In the area of Obersalzberg in Germany, close to Austria’s border, stands a magnificent mountain called Mount Kehlstein. The mountain rises 1,834 meters (6,017ft) above sea level and overlooks the village of Berchtesgaden. On the top you can spot a beautiful brick building. The building’s name in German is Kehlsteinhaus but we English-speaking know it as Eagle’s nest. This legendary property has made its mark by being one of the few monuments from the World War II era that has stayed undamaged. Today it’s a reminder of the horrors and human abysses that the National Socialists enforced under dictatorship of Adolf Hitler.

This graceful property we call Eagle’s Nest, was built to impress people with its golden brass elevator and fireplace made from red Italian marble. It was designed by Martin Bormann and given to Adolf Hitler in the honor of his 50th birthday. It was supposed to represent Hitler’s glorious lifestyle, but ironically Hitler himself only visited the premises a few times because of his fear of heights. For the most part it was used for social gatherings and government meetings. It’s a miracle that the premises is still in its original form, considering that it was a target of bombing in 1945. In the 1960’s it nearly got destroyed again by explosives but was saved thanks to the intervention of former Governor Jacob.

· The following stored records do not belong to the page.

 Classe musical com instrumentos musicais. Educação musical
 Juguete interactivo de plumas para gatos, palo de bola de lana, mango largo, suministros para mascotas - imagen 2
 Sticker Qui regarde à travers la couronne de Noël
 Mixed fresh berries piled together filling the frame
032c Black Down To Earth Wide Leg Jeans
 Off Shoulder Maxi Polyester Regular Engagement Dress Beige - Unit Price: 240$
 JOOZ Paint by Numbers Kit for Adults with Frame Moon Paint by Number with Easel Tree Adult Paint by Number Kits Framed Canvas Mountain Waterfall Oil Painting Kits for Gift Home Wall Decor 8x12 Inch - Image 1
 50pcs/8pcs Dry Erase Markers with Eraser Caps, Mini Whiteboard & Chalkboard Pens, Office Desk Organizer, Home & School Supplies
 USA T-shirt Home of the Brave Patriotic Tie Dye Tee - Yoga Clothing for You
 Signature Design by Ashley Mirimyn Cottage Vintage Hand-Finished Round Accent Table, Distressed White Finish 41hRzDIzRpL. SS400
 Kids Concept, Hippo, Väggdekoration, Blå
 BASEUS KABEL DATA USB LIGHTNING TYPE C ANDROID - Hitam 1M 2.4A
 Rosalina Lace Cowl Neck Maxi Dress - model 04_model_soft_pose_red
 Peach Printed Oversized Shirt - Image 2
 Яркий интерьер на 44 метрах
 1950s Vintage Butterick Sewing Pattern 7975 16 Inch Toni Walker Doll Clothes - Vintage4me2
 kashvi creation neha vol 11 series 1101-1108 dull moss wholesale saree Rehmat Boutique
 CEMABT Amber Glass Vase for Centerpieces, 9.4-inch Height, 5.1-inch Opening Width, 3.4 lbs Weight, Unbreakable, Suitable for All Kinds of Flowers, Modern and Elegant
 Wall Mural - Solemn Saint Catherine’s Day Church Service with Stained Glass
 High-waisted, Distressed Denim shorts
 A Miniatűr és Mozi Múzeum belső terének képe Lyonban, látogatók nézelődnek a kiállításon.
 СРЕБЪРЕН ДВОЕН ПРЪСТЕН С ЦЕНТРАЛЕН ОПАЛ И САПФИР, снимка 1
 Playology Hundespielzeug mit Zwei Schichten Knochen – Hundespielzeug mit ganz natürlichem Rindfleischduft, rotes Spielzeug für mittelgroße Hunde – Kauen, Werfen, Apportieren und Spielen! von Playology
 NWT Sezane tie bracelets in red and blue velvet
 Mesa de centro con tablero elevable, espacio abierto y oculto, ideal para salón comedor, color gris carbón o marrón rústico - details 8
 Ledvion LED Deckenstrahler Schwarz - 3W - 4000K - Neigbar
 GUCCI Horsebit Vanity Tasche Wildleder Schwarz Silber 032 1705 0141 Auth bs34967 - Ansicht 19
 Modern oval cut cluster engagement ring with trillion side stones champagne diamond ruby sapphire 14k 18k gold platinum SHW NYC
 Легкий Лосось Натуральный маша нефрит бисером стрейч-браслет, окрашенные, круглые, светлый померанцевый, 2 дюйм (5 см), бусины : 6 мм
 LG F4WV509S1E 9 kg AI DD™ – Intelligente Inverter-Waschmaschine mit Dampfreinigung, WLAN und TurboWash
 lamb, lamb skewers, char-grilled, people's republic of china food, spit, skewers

On a normal summer day The Eagle’s Nest is full of people

Today the Eagle’s Nest is a popular tourist attraction to anyone who wants to hear about the Third Reich era. Although you can also enjoy the mountain top’s panoramic view and the atmosphere, without being interested in its history. Nowadays the building of Kehlsteinhaus is a seasonal restaurant that offers beverages and local cuisine like schnitzel and bockwurst. They have an outdoor terrace where you can enjoy a pint of beer or a cup of coffee and take pleasure in the beauty of the mountain scenery.

By car, bus or foot?

The Eagle’s Nest is a well-liked day trip destination for anyone who is staying in Salzburg or nearby. It’s only 30 kilometers away and there are multiple ways to get there. Just remember that you will be crossing the border to Germany’s side, so bringing your passport is mandatory. If you have the time, I recommend you visit some other places on the way, for example the salt mines and town of Berchtesgaden.

By car..

If you want to go there by car, just choose the A8 motorway (Munich-Salzburg) and take the exit at Bad Reichenhall or Salzburg Süd (road B20) to Berchtesgaden. Then follow the Obersalzberg road to the Hintereck parking area. The road from this parking area to the Eagle’s Nest has been closed for private traffic since 1952, so you will have to continue your journey by taking the RVO-Bus or hike to the top. Just keep in mind that if you don’t buy the bus ticket, you probably won’t get into the brass elevator, since it’s included in the ticket prize.

Public transportation..

You can get there by bus from the Salzburg train station or Mirabell square, but you will have to change busses in Berchtesgaden. Buy a day ticket for the bus so it will cover the trip both ways. When you arrive at the Documentation center, you can visit the museum on your way if you’re interested in the history of World War II. From here you can either take the RVO-Bus (busses go every 25 minutes between 7:40 and 16:00) or hike up to the brass elevator.

Minimum planning..

If you’re looking for an easy way to visit the Eagle’s Nest, you can also take the Kehlsteinhaus Tour offered by Salzburg Panoramatours. The tour starts from Panoramatours bus terminal in Mirabellplatz (corner of Hubert-Sattler-Gasse 1). On the way back, the tour bus stops in Berchtesgaden, and you have a little bit of time to explore the town before heading back to Salzburg. You find more information about the tour from here: https://www.panoramatours.com/en/salzburg/tour/tour-4-eagles-nest-tour-42/


The mountains go silent

Eagle’s Nest is closed during the winter months and is usually opened around mid-May when the summer starts taking over and numerous tourists arrive to the surrounding areas. This year this scenario seems unlikely. The Covid-19 coronavirus has forced countries to close their borders and limit the movement of their people. Restaurants, hotels and tourist attractions remain closed, even though the sunshine invites people to enjoy the spring days. We can’t do anything else than stay inside and hope for this pandemic to end soon. In the meanwhile, maybe you can do what I do: Check out a few websites for videos and pictures about Eagle’s Nest – in the safety of your own home – and plan your future visit there. Here are a couple of my recommendations;

Tourists discover Eagle’s Nest

Eegle’s Nest Bavaria Germany

You may also want to check out their Home page to keep up with the news on when they’re opening again:


Stay home and stay safe everyone!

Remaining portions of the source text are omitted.